Los turistas son especialmente vulnerables. Desconocedores de los precios locales, distraídos por la logística del viaje y, a menudo, reacios a provocar una confrontación en un país extranjero, muchos pagan sin cuestionar el precio que aparece en pantalla.
La estación ubicada en Géminis Norte y Avenida Tulum no hizo comentarios de inmediato. Ningún representante de la franquicia ni de Pemex respondió a la solicitud de información antes de la publicación.

Fraude con tarjetas en el surtidor de gasolina
Cobrar de más en el mostrador es un método. Clonar tarjetas en las gasolineras es otro, y se ha documentado repetidamente en la Riviera Maya.
El método más común consiste en una terminal de punto de venta que aparentemente falla durante la transacción. El empleado le dice al cliente que la máquina no tiene conexión a internet y le pide efectivo. Días después, el cargo original a la tarjeta aparece en el extracto bancario del cliente, duplicando así el pago.

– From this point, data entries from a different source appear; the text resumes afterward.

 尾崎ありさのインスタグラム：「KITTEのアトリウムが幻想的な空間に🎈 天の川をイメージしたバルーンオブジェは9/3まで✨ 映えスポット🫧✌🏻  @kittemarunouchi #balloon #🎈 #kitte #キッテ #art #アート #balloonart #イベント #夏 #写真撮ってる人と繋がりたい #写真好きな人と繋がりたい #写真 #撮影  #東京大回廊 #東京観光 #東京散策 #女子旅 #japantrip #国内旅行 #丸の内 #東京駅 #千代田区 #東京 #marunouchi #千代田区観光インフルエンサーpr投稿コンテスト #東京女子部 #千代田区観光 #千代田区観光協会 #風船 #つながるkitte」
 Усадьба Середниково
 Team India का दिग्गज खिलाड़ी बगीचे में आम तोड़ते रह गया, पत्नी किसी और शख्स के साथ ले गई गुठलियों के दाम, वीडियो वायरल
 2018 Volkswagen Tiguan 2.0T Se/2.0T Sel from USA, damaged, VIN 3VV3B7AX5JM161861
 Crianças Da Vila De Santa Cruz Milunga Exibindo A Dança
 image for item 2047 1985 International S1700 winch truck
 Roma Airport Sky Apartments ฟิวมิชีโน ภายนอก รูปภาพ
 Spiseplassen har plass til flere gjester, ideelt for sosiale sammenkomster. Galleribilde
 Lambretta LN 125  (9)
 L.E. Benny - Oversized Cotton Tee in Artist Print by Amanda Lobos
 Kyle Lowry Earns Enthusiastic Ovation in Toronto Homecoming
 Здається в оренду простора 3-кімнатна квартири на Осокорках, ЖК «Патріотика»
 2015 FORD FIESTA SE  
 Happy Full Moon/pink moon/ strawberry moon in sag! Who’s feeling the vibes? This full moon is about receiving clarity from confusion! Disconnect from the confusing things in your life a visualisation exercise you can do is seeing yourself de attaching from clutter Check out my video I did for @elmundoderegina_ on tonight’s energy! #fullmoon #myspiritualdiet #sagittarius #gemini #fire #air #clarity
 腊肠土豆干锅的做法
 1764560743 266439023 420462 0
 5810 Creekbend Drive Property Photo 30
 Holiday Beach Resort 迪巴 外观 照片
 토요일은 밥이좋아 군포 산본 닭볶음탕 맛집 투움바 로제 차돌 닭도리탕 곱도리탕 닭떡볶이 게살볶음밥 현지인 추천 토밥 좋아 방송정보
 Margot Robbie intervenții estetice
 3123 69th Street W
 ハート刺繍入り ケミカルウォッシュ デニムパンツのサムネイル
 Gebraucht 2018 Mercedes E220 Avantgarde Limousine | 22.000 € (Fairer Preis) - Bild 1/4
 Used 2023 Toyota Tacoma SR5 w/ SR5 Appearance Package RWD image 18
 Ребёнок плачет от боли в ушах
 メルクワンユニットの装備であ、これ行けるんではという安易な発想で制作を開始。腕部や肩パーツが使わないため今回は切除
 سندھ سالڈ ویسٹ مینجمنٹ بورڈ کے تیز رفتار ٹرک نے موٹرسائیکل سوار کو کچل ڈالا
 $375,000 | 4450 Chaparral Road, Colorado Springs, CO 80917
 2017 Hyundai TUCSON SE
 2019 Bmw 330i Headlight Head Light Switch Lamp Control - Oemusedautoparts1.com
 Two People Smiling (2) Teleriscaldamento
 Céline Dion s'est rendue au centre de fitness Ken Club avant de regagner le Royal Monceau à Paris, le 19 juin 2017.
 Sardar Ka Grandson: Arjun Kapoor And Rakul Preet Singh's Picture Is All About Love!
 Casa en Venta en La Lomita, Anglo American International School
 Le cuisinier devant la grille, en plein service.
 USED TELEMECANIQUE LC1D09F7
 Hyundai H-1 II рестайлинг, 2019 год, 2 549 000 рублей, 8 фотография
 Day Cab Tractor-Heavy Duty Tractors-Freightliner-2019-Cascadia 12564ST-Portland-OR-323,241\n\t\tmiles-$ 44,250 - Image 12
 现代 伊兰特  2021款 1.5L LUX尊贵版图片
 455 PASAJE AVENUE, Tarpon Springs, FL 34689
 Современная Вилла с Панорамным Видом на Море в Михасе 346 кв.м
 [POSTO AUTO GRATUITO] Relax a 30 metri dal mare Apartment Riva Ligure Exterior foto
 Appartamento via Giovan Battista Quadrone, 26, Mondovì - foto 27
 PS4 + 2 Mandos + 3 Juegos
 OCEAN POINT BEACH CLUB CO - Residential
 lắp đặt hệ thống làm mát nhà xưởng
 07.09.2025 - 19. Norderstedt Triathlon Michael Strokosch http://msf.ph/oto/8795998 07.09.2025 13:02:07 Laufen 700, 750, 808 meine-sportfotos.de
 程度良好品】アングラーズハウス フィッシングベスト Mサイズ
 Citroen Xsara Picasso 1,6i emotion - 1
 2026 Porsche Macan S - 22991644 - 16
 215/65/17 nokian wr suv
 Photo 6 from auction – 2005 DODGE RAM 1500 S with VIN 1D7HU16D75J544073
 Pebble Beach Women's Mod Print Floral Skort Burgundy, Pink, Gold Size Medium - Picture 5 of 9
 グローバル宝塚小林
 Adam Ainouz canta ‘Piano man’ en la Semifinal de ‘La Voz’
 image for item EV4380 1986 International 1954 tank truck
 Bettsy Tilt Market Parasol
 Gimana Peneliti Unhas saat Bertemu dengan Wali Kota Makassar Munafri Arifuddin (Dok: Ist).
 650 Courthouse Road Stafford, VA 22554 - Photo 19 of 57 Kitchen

En otros casos, los datos de la tarjeta se copian durante la transacción y se utilizan posteriormente para compras no autorizadas. Viajeros que pagan con tarjeta en gasolineras de la región han denunciado cargos fraudulentos semanas después de salir de México, momento en el que impugnarlos requiere realizar trámites bancarios internacionales desde el extranjero.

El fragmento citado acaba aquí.